“Oh, fiddlesticks! Another dratted hornworm has eaten a plant. How exceedingly grumpy I am.”
You’d correctly guess these were not my exact words as I plucked the corpulent caterpillar from the stick formerly known as a lush jalepeño pepper, but they’re close enough for this article.
当我把这只幼虫送进鸡笼时,我感到一种可以理解的幸灾乐祸——就像今年夏天我发现的其他所有幼虫一样。在阳光的照射下,我看到在一片褐色的西葫芦叶子的对面,有各种各样的南瓜虫在乱窜。如果我眯起眼睛,穿过草地,看到秋天种下的大头菜开始扎堆,我发现我的一只鸭子正在对我的韭菜下手。把她从剩下的小疙瘩上吓跑后,我叹了口气,开始把水管连到雨桶上——过去一周都没下雨了,花园开始显得紧张起来。
Though it may sound so, this is no list of complaints. Perhaps I could just as easily write about the overwintered kale that produced lush greens well before anything I planted in the spring, or the gorgeously smooth beets that grew larger than the packet said they would, but you’ve seen those photos in every gardening book and read those humblebrags online all summer.
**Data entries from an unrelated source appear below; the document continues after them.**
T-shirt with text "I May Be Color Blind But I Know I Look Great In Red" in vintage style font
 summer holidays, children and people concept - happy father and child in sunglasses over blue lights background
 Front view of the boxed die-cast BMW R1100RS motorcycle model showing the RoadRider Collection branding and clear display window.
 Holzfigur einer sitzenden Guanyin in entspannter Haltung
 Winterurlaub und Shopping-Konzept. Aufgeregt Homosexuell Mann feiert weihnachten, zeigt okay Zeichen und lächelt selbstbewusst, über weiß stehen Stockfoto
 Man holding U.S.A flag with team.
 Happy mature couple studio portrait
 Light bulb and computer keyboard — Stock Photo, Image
相反,在这篇文章中,我想谈谈那些不能上instagram的花园日子。失败的种植,无果的努力,以及满是害虫的产品,味道很好,但肯定不是咖啡桌的材料。因为这是一种现实的园艺——我们大多数人都经历过的那种。正如你可能知道的,每一篮美丽的馈赠,往往也有枯萎的藤蔓。
What do you do with the inevitable failures? Make the most of them! Here are some hopeful ways to turn the frustration into motivation and education. And after each section, I’ve listed a potential remedy to the situation.
Figuring Out the Reasons
If you really want to learn how to garden, or to eventually be self-sufficient, the worst thing you can do with failure is to simply declare yourself a black thumb and call it a day. And don’t resort to hanging over the fence, seething with private jealousy over your neighbor’s unfairly lush veggies, allowing comparison to steal every ounce of joy from your efforts. Instead, put on your detective hat and see if you can find out the reasons for your underwhelming garden. Here are some common mistakes or problems that may have befallen your food plot … maybe the reason you’re looking for is here.
Timing Troubles
植物想要生长,但它们想要在它们准备好的时候生长。如果你在生长的一年中仔细观察一片荒野,你会看到随着季节的变化,各种各样的花和草在其中穿梭。它们完全适合在自己的最佳时间生长,而且它们几乎被留给自己在适当的时刻生长。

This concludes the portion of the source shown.